Forty-eight undergraduates from the McMaster University Psychology participant pool participated in exchange for course credit. We excluded 8 participants who failed to follow instructions (and therefore did not accomplish the task). This group included those who tapped during more than 25 % of the no-movement trials (n = 2), failed to tap during more than 25 % of the movement trials (n = 2), or failed to tap on at least 50 % of the beats within the timekeeping segment (n = 4). The remaining 40 participants (28 females, 12 males) ranged in age from 17 to 35 years (M = 18.4, SD = 2.8) and reported normal hearing and normal or corrected-to-normal vision. Participants had 0–12 years of music lessons (M = 4.4, SD = 3.5) and tapped with their dominant hand. The experiment met ethics standards according to the McMaster University Research Ethics Board.

Results and discussion

We assessed the percentage of “on-time” responses in all conditions using a 2 (IOI) × 5 (offset) × 2 (movement condition) repeated measures ANOVA. The most important finding was the main effect of movement, F(1, 39) = 33.80, p < .0001, reflecting a difference in task performance between the movement and no-movement conditions (shown in Fig. 2a). We also observed a main effect of offset, F(4, 156) = 43.35, p < .0001, reflecting a distinction in performance based on the probe tone offset. Additionally, we observed a two-way interaction between movement condition and offset, F(4, 156) = 12.65, p < .0001, indicating that the effect of movement was not uniform across all of the five probe tone offsets. We found a large difference in task performance (proportion of correct identification of the probe tone position derived from the “on-time” judgments) between the movement (M = .75, SD = .21) and no-movement (M = .43, SD = .24) condition for the late offsets (15 % and 30 %) combined, t(78) = 7.43, p < .0001, d = 1.46, indicating better performance when tapping (see Fig. 2a). In the movement conditions, late probe tones were easier to detect than early ones, t(317) =4.09, p < .0001. This is consistent with similar research demonstrating that late deviations are slightly easier to detect than early deviations (Large & Jones, 1999; McAuley, 1995), as well as previously noted asymmetries in timekeeping with a changing tempo (Loehr, Large, & Palmer, 2011). We observed a two-way interaction between IOI and offset, F(4, 156) = 9.05, p < .0001, indicating that performance differed across the probe tone offsets differently between the two IOIs. However, there was no main effect of IOI or two-way interaction between IOI and movement condition, so we collapsed across IOI in Fig. 2 for the sake of clarity.

Fig. 2
figure 2

Proportion of “on-time” responses for five offset conditions. Participants perform significantly better on the movement trials for the “late” (15 % and 30 % offset) conditions when moving during the timekeeping segment (Experiments 1 and 3). However, movement had no effect in Experiment 2, when there was no movement throughout the timekeeping segment. Error bars represent the 95 % confidence intervals

We recorded the timing of each tap and analyzed tapping variability and its relationship with task performance. We calculated the standard deviation of the timing of taps within each movement trial during the synchronization and timekeeping segments to obtain a measure of tapping variability and compared the log of this variability with performance during these movement trials (squared to normalize the distribution). We found a negative correlation between tapping variability and the proportion of correct responses, r = −.355, p = .025, indicating that “better” tappers performed better on the detection task overall, consistent with studies reporting this type of relationship between movement timing and timing perception (Pashler, 2001; Repp, 1999). Our design did not lend itself well to more sophisticated analyses of this relationship, since the large number of IOI × offset × movement conditions allowed for only two repetitions of each trial. In the future we will further explore this issue using variations on this design with greater numbers of trial repetitions (permitting analyses that treat performance as a continuous variable).

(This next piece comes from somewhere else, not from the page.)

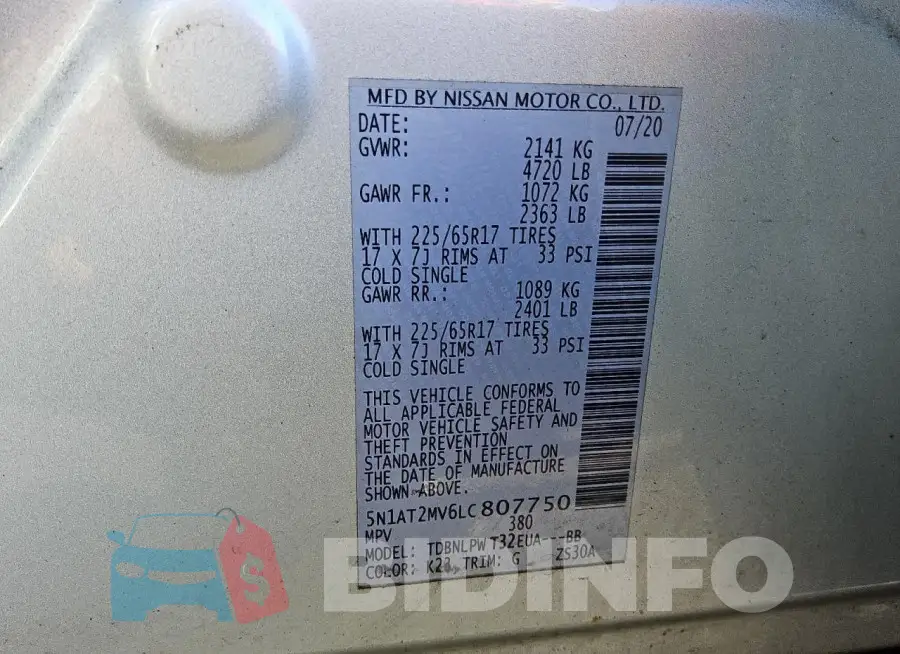 5N1AT2MV6LC807750 Photo# 13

Additionally, we found a negative correlation between years of musical training and tapping variability, r = −.366, p = .020, indicating that participants with more musical training tapped more consistently. This parallels research demonstrating a relationship between synchronizing accuracy and musical training (Krause et al., 2010; Repp, 2010). Interestingly, there was no correlation between years of musical training and performance on the task, r = −.048, p = .769, contrary to other work reporting associations between musical training and the detection of timing changes (Ehrlé & Samson, 2005) and sequence regularity (Madison & Merker, 2002). However, future studies can investigate this relationship further by selecting musicians and nonmusicians for explicit comparison.

We assessed confidence ratings using a 2 (IOI) × 5 (offset) × 2 (movement condition) repeated measures ANOVA. This revealed a main effect of movement, F(1, 39) = 63.54, p < .0001, demonstrating greater confidence in the movement (M = 4.17, SD = 0.50) versus the no-movement (M = 3.90, SD = 0.54) condition. This increased confidence (which did not correspond to performance improvements at all offsets) may offer additional evidence as to why listeners often move to the beat while listening.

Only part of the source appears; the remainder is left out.